ByPeter Charalambous ABCNews logo
Sunday, April 16, 2023

A city-wide manhunt.



A police chase down the main street.




Social media sites filled with locals describing what they had just witnessed.



While these are usually the tell-tale signs of crisis, the small city of Harriman, Tennessee, witnessed a different kind of community-wide commotion on Wednesday when a local man's pet emu escaped and prompted a slow-speed police chase to capture the giant bird.



"People were calling in that it was in their yard, and the first part of the morning, officers would go check and wouldn't see him," Harriman police chief Baron Tapp said. "And then somebody else would call and say, 'Hey, the Emu is in my yard now' or 'It's going over here over there.'"



The emu at the center of the commotion was MeeMoo of Harriman. Software programmer Harry McKinney helped hatch MeeMoo five years ago when a local hatchery's incubator broke. McKinney described raising the emu on his 40-acre farm alongside sheep, turkeys, ducks, and other animals as a joy, or at least when MeeMoo stays in his enclosure.



He said that Wednesday's escape began when MeeMoo hopped over his seven-foot enclosure fence.



"They have a flight or flight reflex, and he chose flight," McKinney said. "He chose to run."



Nearby residents tried to help spot MeeMoo, but after initial efforts failed, McKinney turned to social media for help locating the tall bird.

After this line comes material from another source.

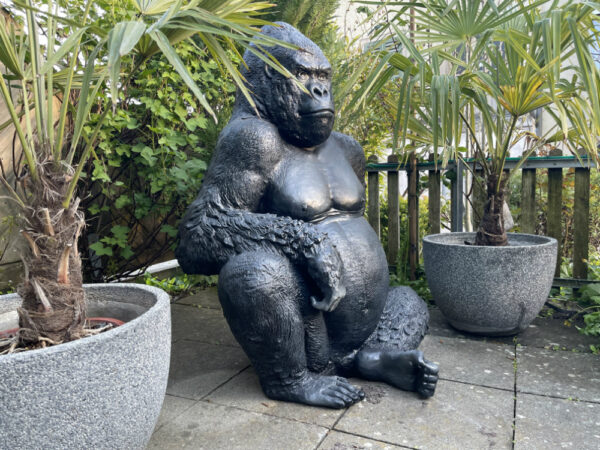 Gorillafigur lebensgross sitzend, 115 cm hoch, aus GFK 10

"The only thing we could do was put it on Facebook and just wait until somebody saw, and that did not disappoint," McKinney said.



Steven McDaniel was planning on taking his dog for a car ride on Wednesday when he noticed the commotion in the normally quiet town.

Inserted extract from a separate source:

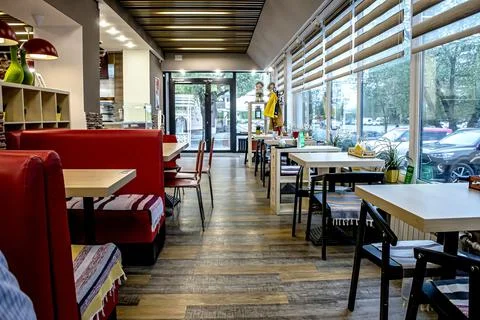 View of tables in an empty cafe Stock Photos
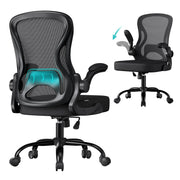 Bürostuhl ergonomisch Lordosenstütze schwarz Mesh von Songmics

"I went over, looked out, and there's cop cars driving by at about three miles an hour," he said.



McDaniel took out his phone to film and post a video of four police cruisers slowly driving behind the emu to capture the bird. The chase ended when the officers cornered MeeMoo near a local home surrounded by hedges. McKinney was enlisted to end the pursuit, calling his pet emu back to safety.



"I whistled, and he realized that dad was there," he said. "And I went up, and I gave him a big hug."

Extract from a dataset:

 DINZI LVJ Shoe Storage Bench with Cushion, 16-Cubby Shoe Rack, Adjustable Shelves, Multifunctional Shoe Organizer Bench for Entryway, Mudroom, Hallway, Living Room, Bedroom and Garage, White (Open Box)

According to McKinney, the entire search took seven hours and stretched across 20 miles. No one was injured, and most residents appeared delighted by the affair, though some were slightly intimidated by confronting the five-foot tall bird.




"He just would hold its feathers like hold its wings straight out and come at you like 'oh gosh, did it get mad or what,'" Tapp said about some of his officers' encounters with MeeMoo.



While McKinney spoke affectionately about MeeMoo, he conceded that the emu could be intimidating.



"For us, he's like a dog," he said. "But for people that had never seen any emus before, it was a T-Rex coming down the sidewalk at them."



Upon returning to his enclosure (now being reinforced with higher walls to prevent another escape), McKinney said MeeMoo immediately returned to his nest to care for his eggs. MeeMoo and his partner MeeMee are caring for multiple eggs, meaning that a new generation of emus might be antagonizing police in Harriman soon.



With video of the incident circulating widely on social media, many community members reacted with laughter and joy; even Tapp, whose police force had to confront the large bird, described the incident as a "good time" that brought the community together.



"We've had a lot of stuff going on here in Tennessee - the shootings in Nashville - we've had a couple of shootings here...," McDaniel said. "It's been a great thing for us as a community to be able to have a couple days [that bring] a smile on your face instead of just heartbreak."